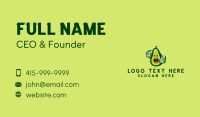 Fruit Shake Business Card example 2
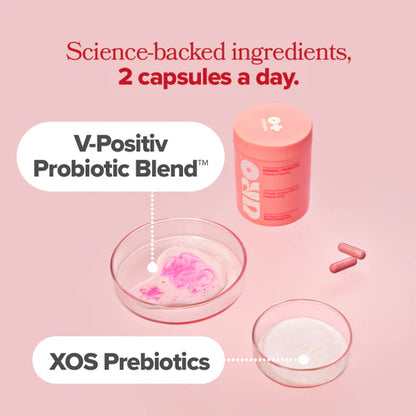 POSITIV URO® Vaginal Probiotic Capsules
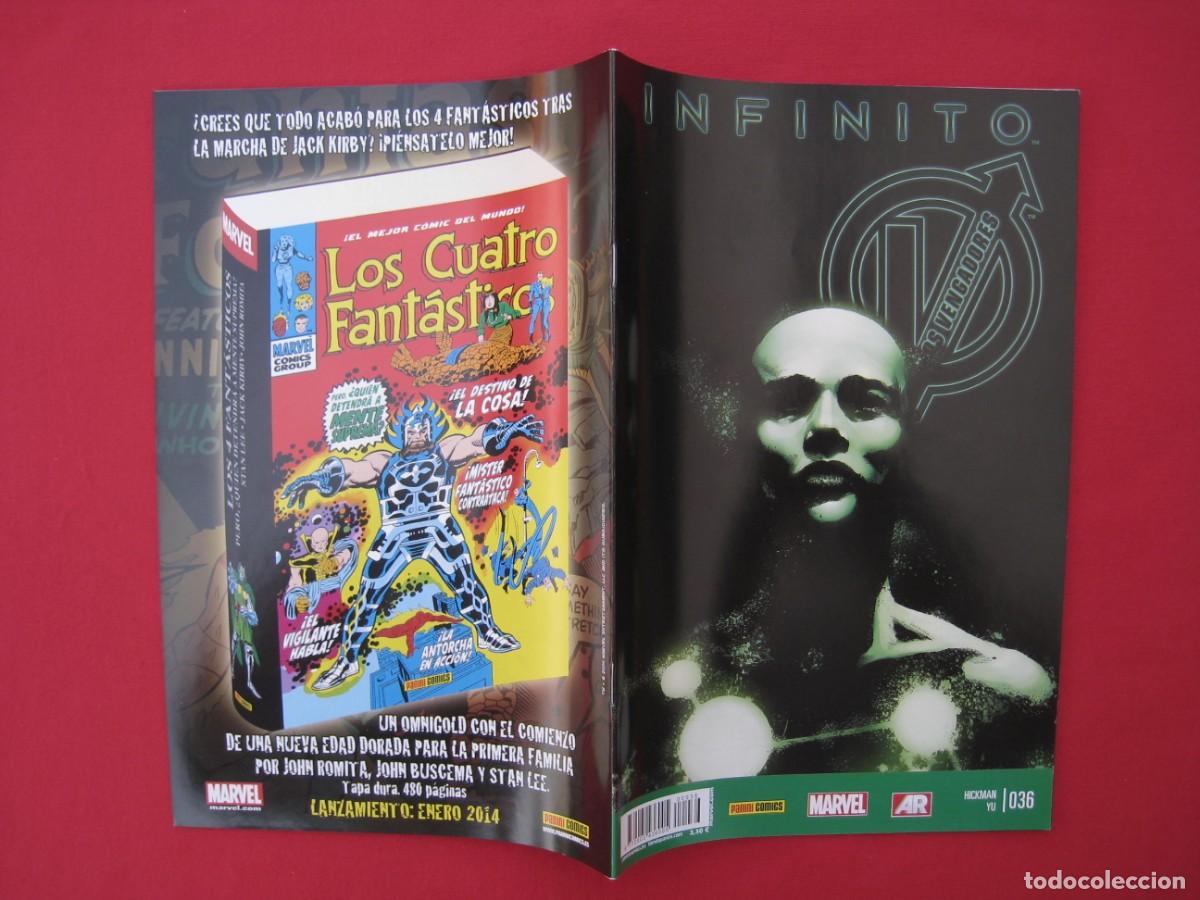C&oacute;mics: LOS VENGADORES - N&ordm; 36 - PANINI. - Foto 2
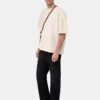 OVERSIZED-T-SHIRT MED BANDANA-APPLIKATION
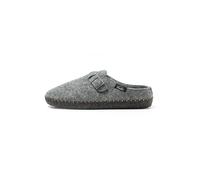 Nuvola. Zapatillas de casa 'Zueco Belt' gris 38 gris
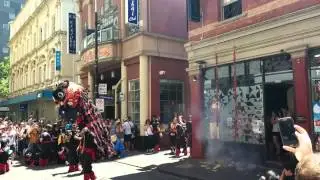 HGYS Lion Dance 2014 @ Rice Workshop, Melbourne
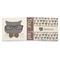Hipster Cats 3-Ring Binder Approval- 3in
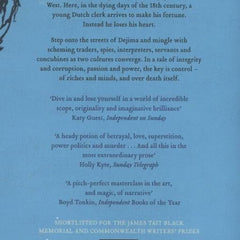 The Thousand Autumns of Jacob de Zoet by David Mitchell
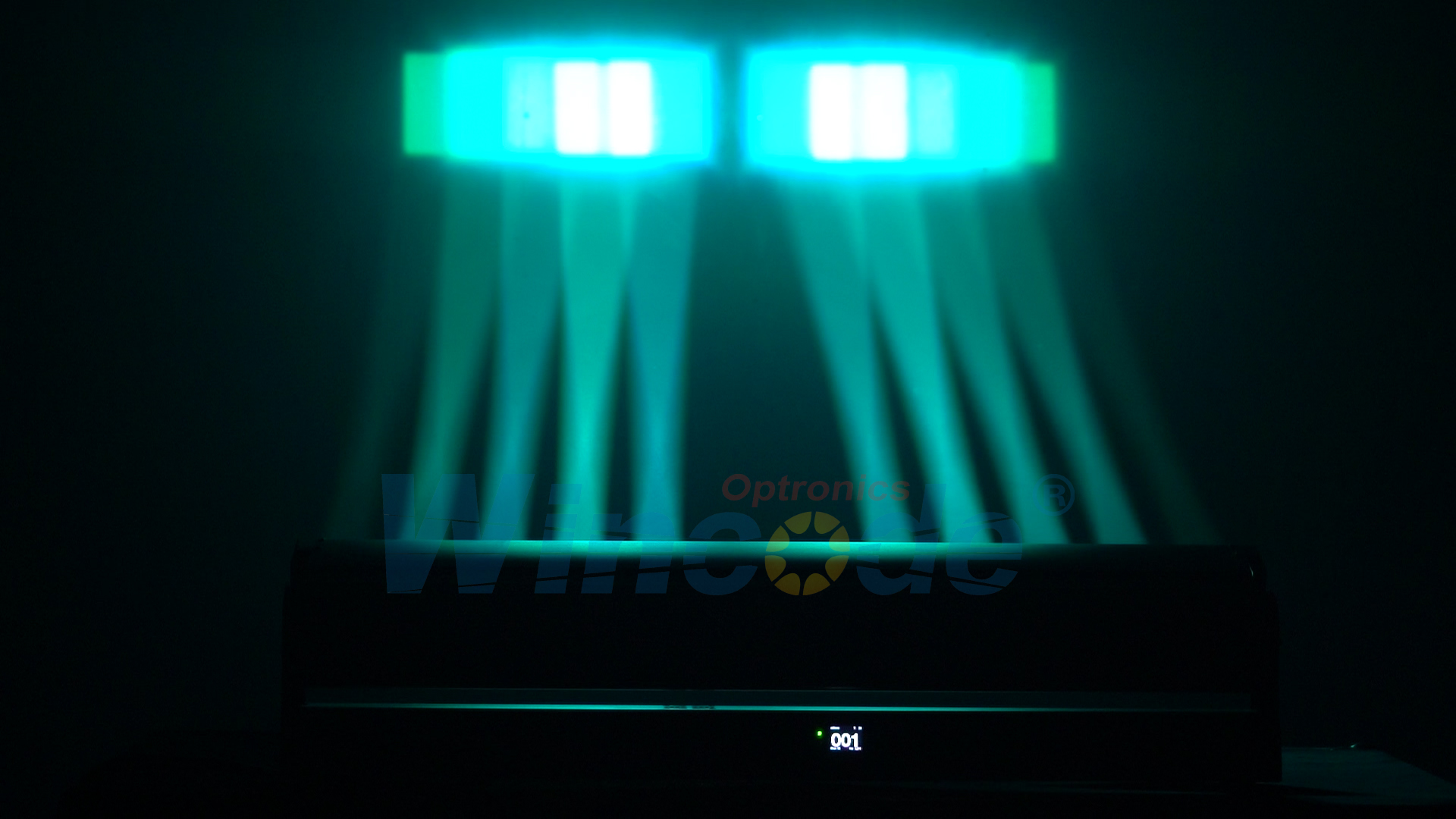 12 &times; 40W بكسل زووم متحرك شريط ضوء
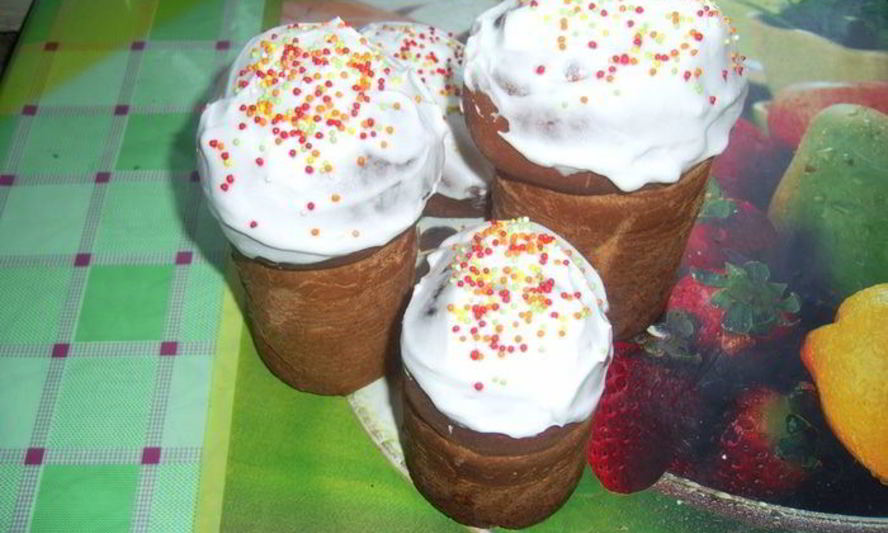 Рецепт пасхального кулича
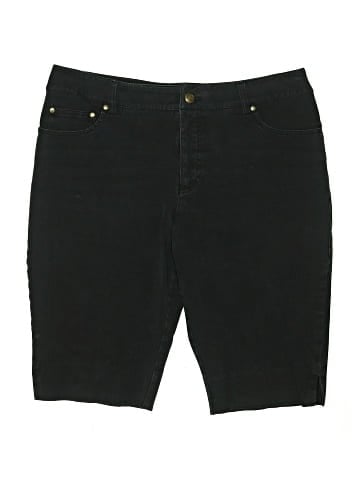 E39 By Eric Denim Shorts (view 1)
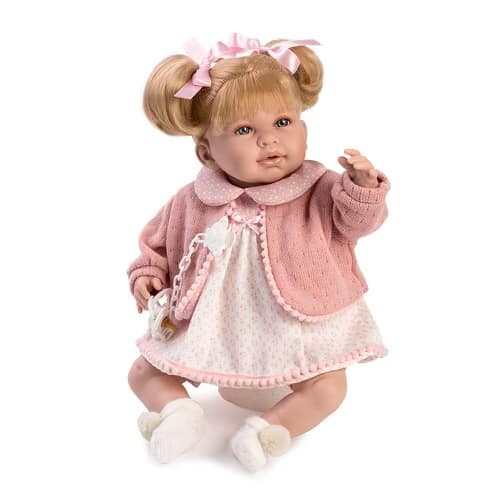Ann Lauren Dolls 18" Baby Girl Venezia - Adorable and Realistic for Hours of Playtime Fun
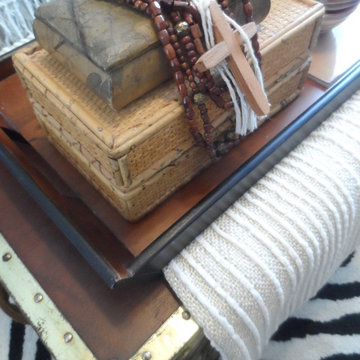 FIRST APARTMENT DECORATING - SOUTHWEST BOHO STYLE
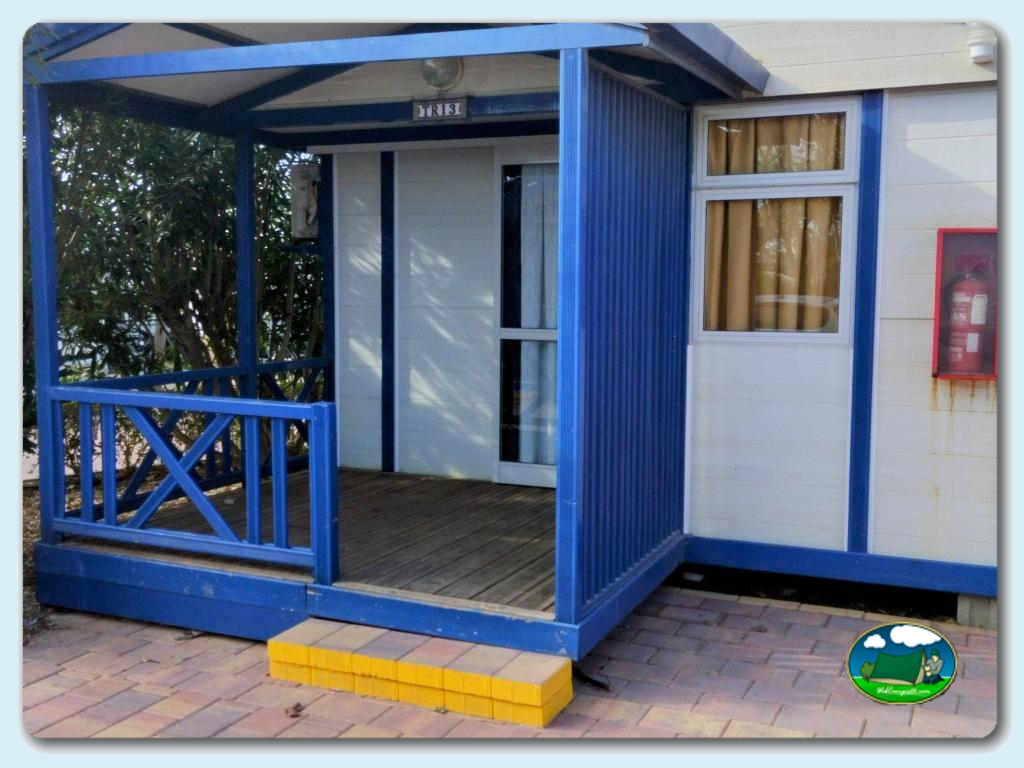 Bungalow Trianon&nbsp;(2 adultos + 2 ni&ntilde;os) en Camping Playa de Mazarrón, España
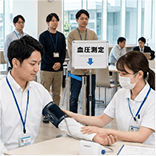 定期健康診断の受診率100％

WHAT IS EXPECTED
Please set down every record exactly as it appears, leaving out the pictures.

RESULT
 Fruit Shake Business Card example 2
 POSITIV URO® Vaginal Probiotic Capsules
C&oacute;mics: LOS VENGADORES - N&ordm; 36 - PANINI. - Foto 2
 OVERSIZED-T-SHIRT MED BANDANA-APPLIKATION
 Nuvola. Zapatillas de casa 'Zueco Belt' gris 38 gris
 HGYS Lion Dance 2014 @ Rice Workshop, Melbourne
Hipster Cats 3-Ring Binder Approval- 3in
 The Thousand Autumns of Jacob de Zoet by David Mitchell
 12 &times; 40W بكسل زووم متحرك شريط ضوء
 Рецепт пасхального кулича
 E39 By Eric Denim Shorts (view 1)
Ann Lauren Dolls 18" Baby Girl Venezia - Adorable and Realistic for Hours of Playtime Fun
 FIRST APARTMENT DECORATING - SOUTHWEST BOHO STYLE
 Bungalow Trianon&nbsp;(2 adultos + 2 ni&ntilde;os) en Camping Playa de Mazarrón, España
 定期健康診断の受診率100％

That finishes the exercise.